_WHAT IS EXPECTED_
Could you output the listing that follows exactly, without its images?

_SOURCE DATA_
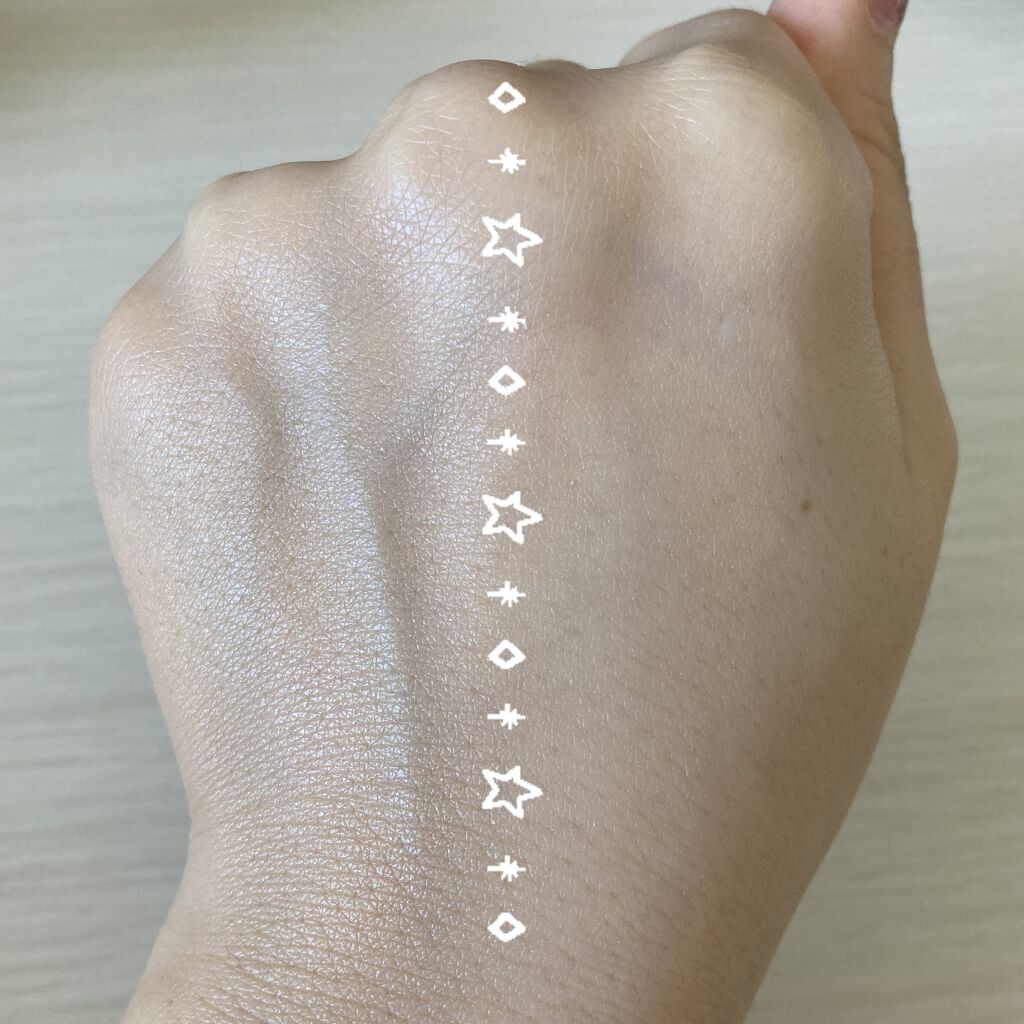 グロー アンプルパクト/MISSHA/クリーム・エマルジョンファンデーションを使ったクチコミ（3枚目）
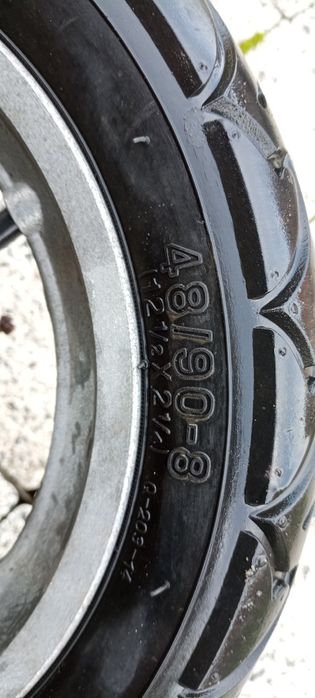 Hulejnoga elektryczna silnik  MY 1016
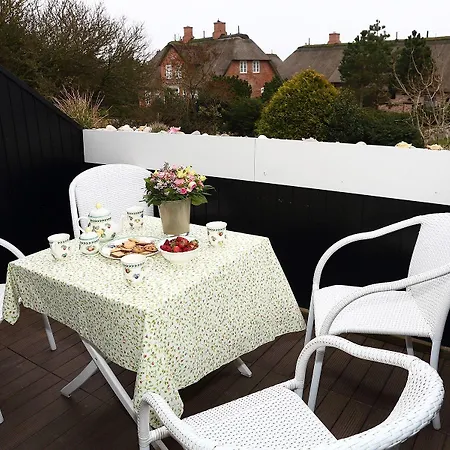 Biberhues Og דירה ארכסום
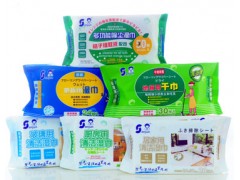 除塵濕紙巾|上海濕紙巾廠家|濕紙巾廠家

_WRITTEN REPLY_
 グロー アンプルパクト/MISSHA/クリーム・エマルジョンファンデーションを使ったクチコミ（3枚目）
 Hulejnoga elektryczna silnik  MY 1016
 Biberhues Og דירה ארכסום
 除塵濕紙巾|上海濕紙巾廠家|濕紙巾廠家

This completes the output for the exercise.